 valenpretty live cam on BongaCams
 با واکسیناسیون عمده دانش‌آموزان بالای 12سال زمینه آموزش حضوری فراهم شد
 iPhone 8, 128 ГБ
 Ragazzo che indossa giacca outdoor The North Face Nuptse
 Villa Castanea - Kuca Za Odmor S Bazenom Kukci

════════════════

_WHAT IS REQUIRED_. Write out the listing once more, matching it exactly.

_RESPONSE_.
 valenpretty live cam on BongaCams
 با واکسیناسیون عمده دانش‌آموزان بالای 12سال زمینه آموزش حضوری فراهم شد
 iPhone 8, 128 ГБ
 Ragazzo che indossa giacca outdoor The North Face Nuptse
 Villa Castanea - Kuca Za Odmor S Bazenom Kukci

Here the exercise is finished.